Consortia with financial companies – a way to implement public procurements
Long payment deadlines, mass delays in payments or, finally, no payment at all are common problems of public procurement contractors in the medical industry.
What is more, the contractors of contracts with hospitals cannot freely assign their claims because they have to obtain the consent of the founding body of the hospital. When looking for a way out of the difficult situation, they most often choose to enter the consortium with the entities assuring funding of the procurement. Unfortunately, such application of the form of joint application for the procurement has recently been questioned by the National Appeals Chamber (NAC).

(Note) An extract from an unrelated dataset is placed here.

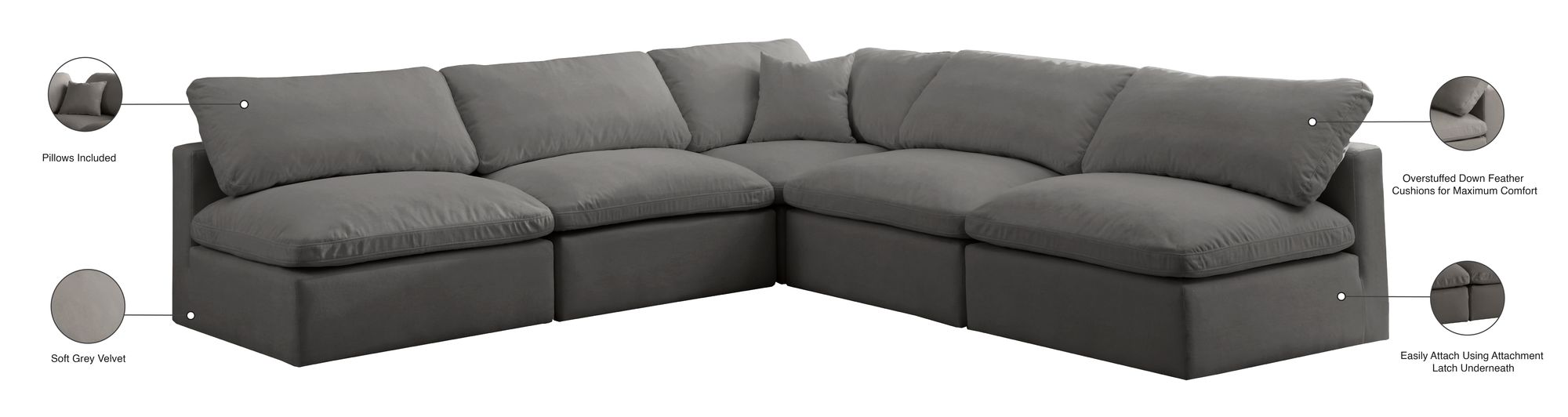 Plush 105" 5-Piece Velvet Standard Comfort Modular Armless Sectional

In the judgment of March 14, 2017, file ref. no.: KIO 353/17, the National Appeals Chamber dismissed the appeal of the consortium whose bid was rejected pursuant to art. 89 sec. 1 item 8 of PPL Act, i.e. as invalid under separate provisions. According to the Ordering Party – a large Warsaw hospital, the conclusion of a consortium contract under the tender only served to enable the consortium member to obtain receivables in the event of non-payment by the hospital. The hospital recognized that the scope of activities and the nature of the procurement did not imply the need to engage a consortium member for the implementation of the procurement, so the concluded consortium contract was apparent. The National Appeals Chamber agreed with the hospital and dismissed the consortium’s appeal. According to the National Appeals Chamber, conclusion of the consortium contract was intended to circumvent the Act on Medical Activity. The judgment of the National Appeals Chamber was appealed to the District Court, we are waiting for the final decision of the court and a valid guideline on this matter.
The judgment of the District Court will be important for the entire medical industry. The medical industry de facto takes on the burden of public health service funding. Use of services of the specialized companies ensuring payment or conclusion of consortium contracts with such companies aims only to secure the contractor’s right to receive payment for the delivered products. This is an attempt to secure the basic interest of the entrepreneur. Looking at the need and the right to jointly take part in the tender exclusively through the prism of meeting the conditions of participation in the procedure, does not reflect the economic purpose of the parties forming the consortium. Since independent market players decide to voluntarily conclude a consortium contract, they must have their own economic motives for that. No one should study it “as a substitute” for the entrepreneurs. After all, no contractor decides to engage an additional entity for implementation of the contract and to lower its profit from the procurement. It is certainly a well-thought step, not a desire to “cause damage” to the hospital.
Applying for a procurement in the form of the so-called consortium is a legitimate form of taking part in tenders, which also should be freely allowed for use in the medical industry, and the last judgment of the National Appeals Chamber is unjustifiably restrictive.